Mollie CEO Koen Köppen said GoCardless’ bank-payment infrastructure solves a growing problem for subscription businesses struggling with involuntary churn and rising card-scheme costs.

“A card-only approach has its limits,” he said. “GoCardless built the definitive solution… By bringing them into Mollie, we take a huge step towards fulfilling our vision of one complete platform for sustainable growth.”

GoCardless CEO Hiroki Takeuchi described the merger as a “win for European fintech”, combining bank-to-bank capabilities with Mollie’s card acquiring strength, hyperlocal coverage and platform tooling.

Europe accelerates towards bank-pay adoption

The deal comes as Europe undergoes a structural shift toward account-to-account payments. PSD3 and the upcoming Open Banking Regulation aim to strengthen access-to-account APIs and mandate lower-cost payment options for merchants.

The European Payments Initiative (EPI) is also building a pan-European instant-payment scheme, with early pilots expected in 2026.

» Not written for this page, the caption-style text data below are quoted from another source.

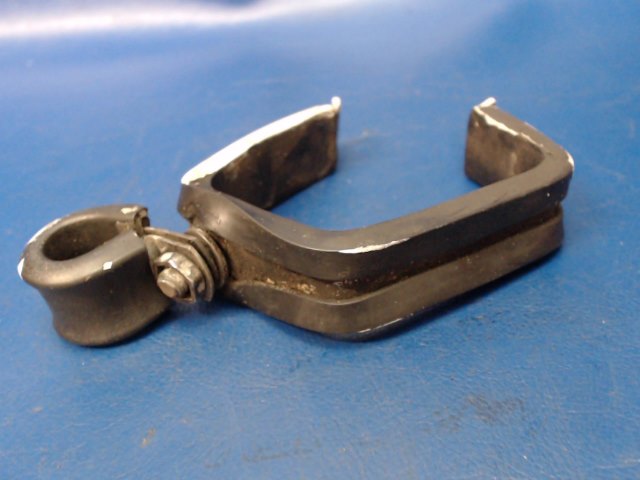 67277-00 Piper - CLAMP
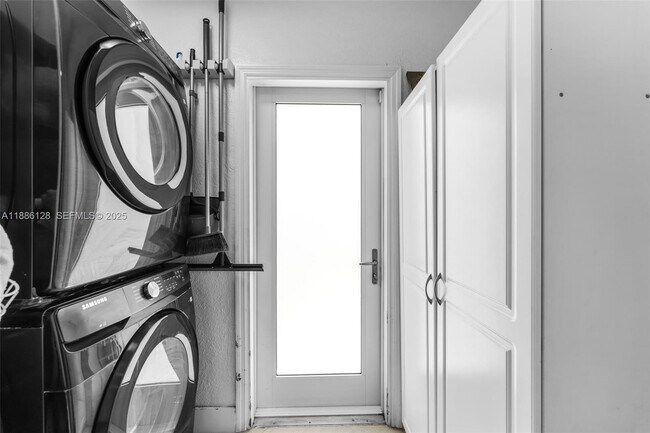 Building Photo - 4301 SW 85th Ave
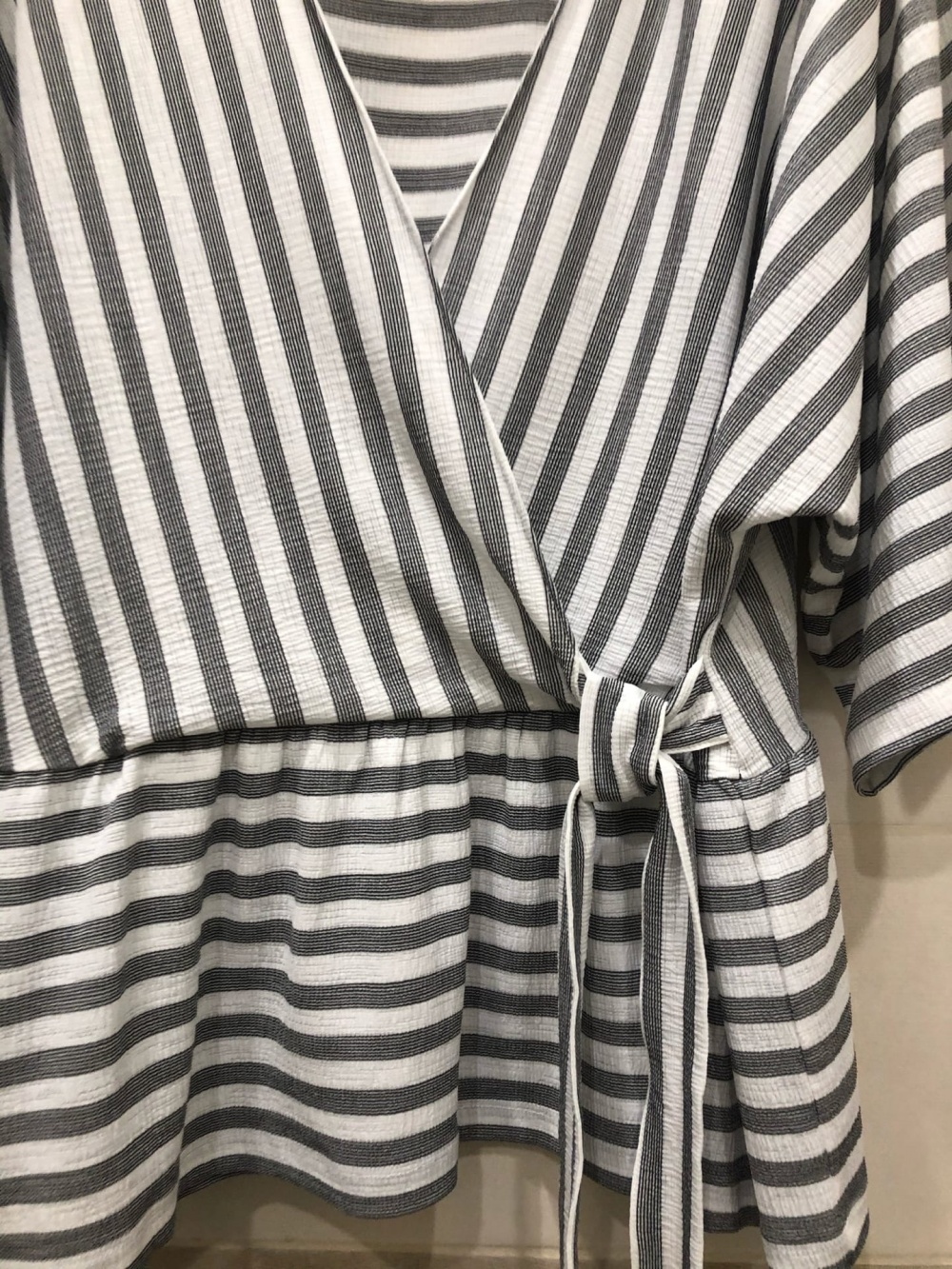 Блузка DKNY. Размер XL-XXL.
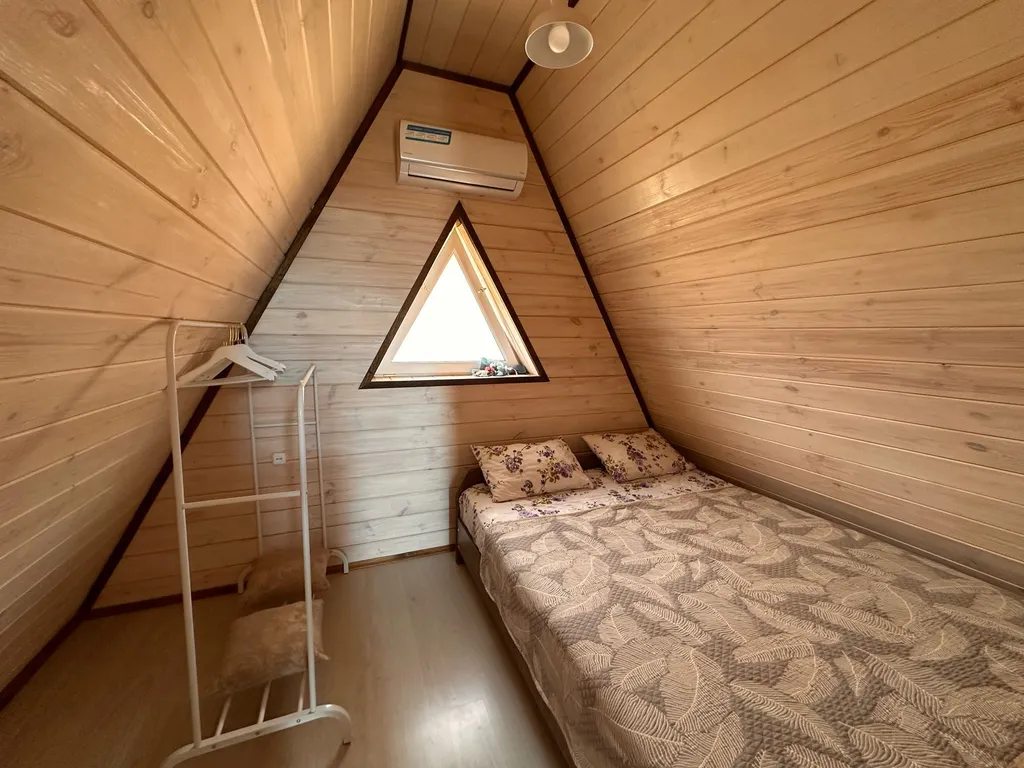 Коттедж 2-этажный с креслом качалкой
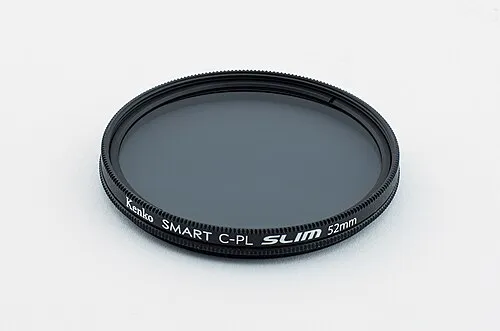 Kenko SMART C-PL-filter med märkning på ringen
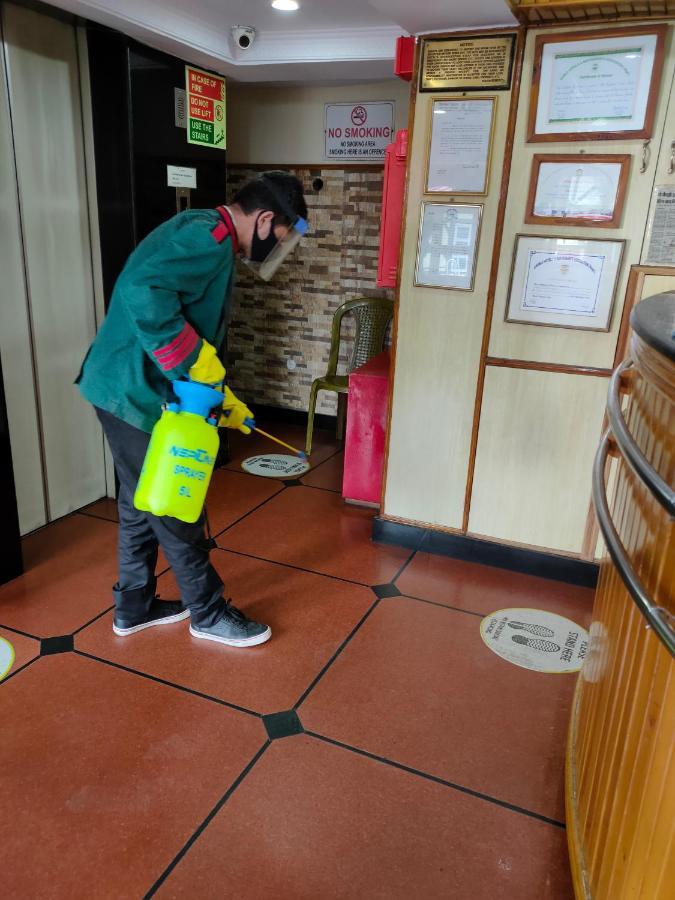 Brightland Hotel Shimla Bagian luar foto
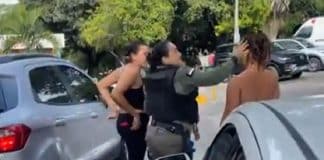 PM dá tapa no rosto de mãe suspeita de agredir a própria filha em Pernambuco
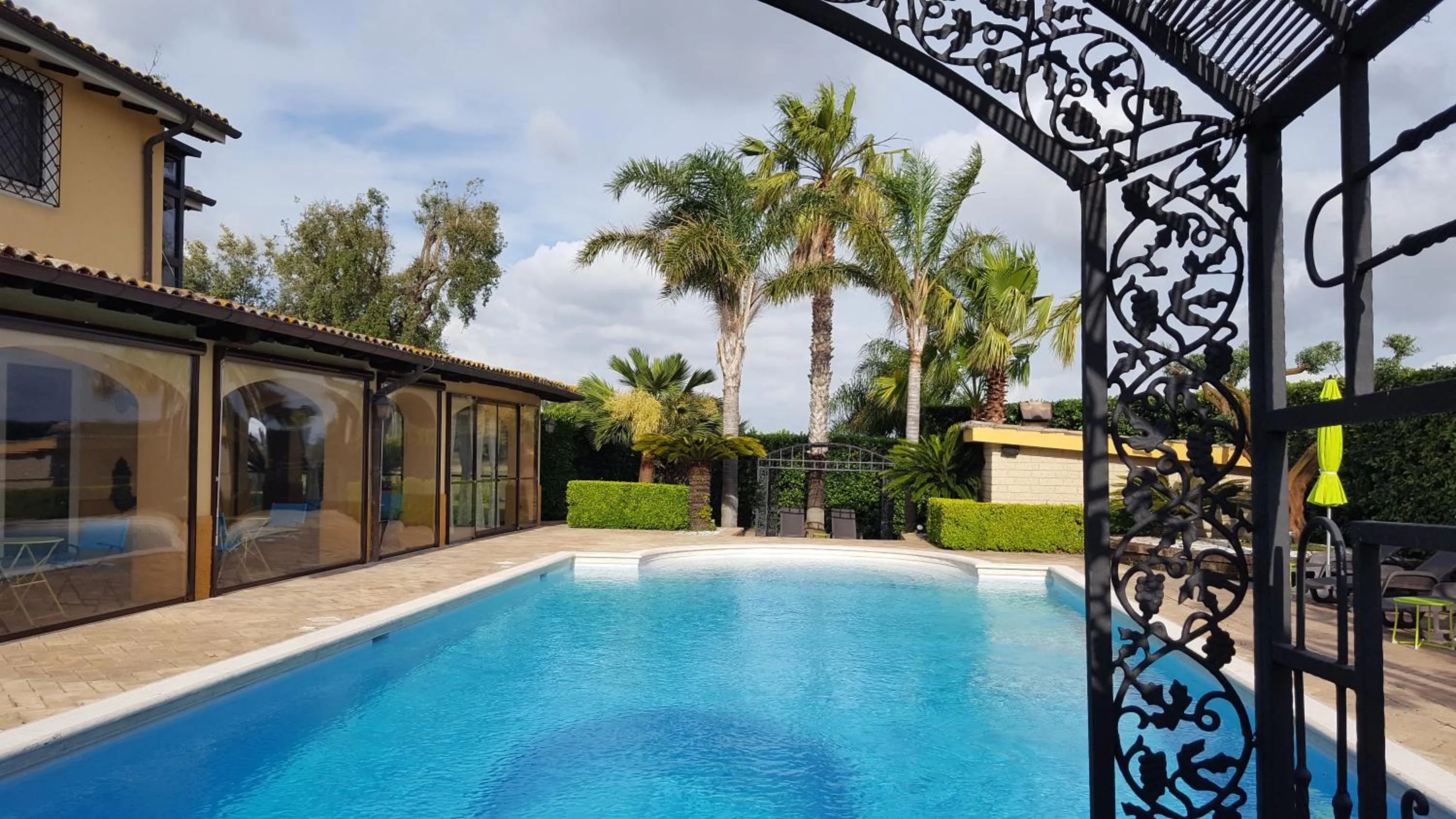 Pool view in Aquilamaior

Bank payments are gaining traction in high-churn merchant sectors such as SaaS, digital subscriptions and marketplaces, where cost sensitivity has heightened due to card-scheme fee increases and the growing complexity of strong customer authentication.

GoCardless has been a beneficiary of that shift, landing partnerships with global SaaS platforms and recurring-billing providers, while Mollie has expanded its Connect platform for software vendors embedding payments into their products. Combined, the firms will be looking to defend ground against rising competitors offering integrated card-and-bank rails, including Stripe, Adyen and Checkout.com.

Strategic value for PSPs

The merger also reflects an industry-wide push toward scale. Payments businesses are facing margin pressure, higher compliance costs and slower venture capital inflows. Consolidation is increasingly seen as the route to defend market share and offer broader monetizable services.

For Mollie, the addition of GoCardless offers:

  • Deep bank-payment coverage: across major European markets, plus expansion corridors in North America and Australia.
  • Recurring-revenue optimisation: a segment with growing demand as merchants seek to reduce involuntary churn.
  • A strengthened enterprise proposition: long a target growth area for Mollie as it moves beyond SMEs.
  • Hyperlocal differentiation: combining iDEAL, Satispay, Twint and local onboarding with pan-European direct debit and faster bank pay.

For GoCardless, joining a larger platform offers access to a wider distribution network, particularly among SMEs and mid-market merchants where Mollie has a strong foothold.

Regulatory approval the next hurdle

The deal will undergo scrutiny by European competition authorities given the size of the combined bank-to-bank footprint. However, market observers expect approval, citing the fragmented nature of Europe’s payments ecosystem and the presence of multiple scaled competitors.

Integration of GoCardless’ network and tooling into the Mollie platform will be phased to avoid disruption, the companies said, with a commitment to continuing local support for existing customers.

If completed, the acquisition would mark one of Europe’s most notable payments combinations since Worldline–Ingenico and would further intensify the race to build a single, multi-rail payments operating system for the region.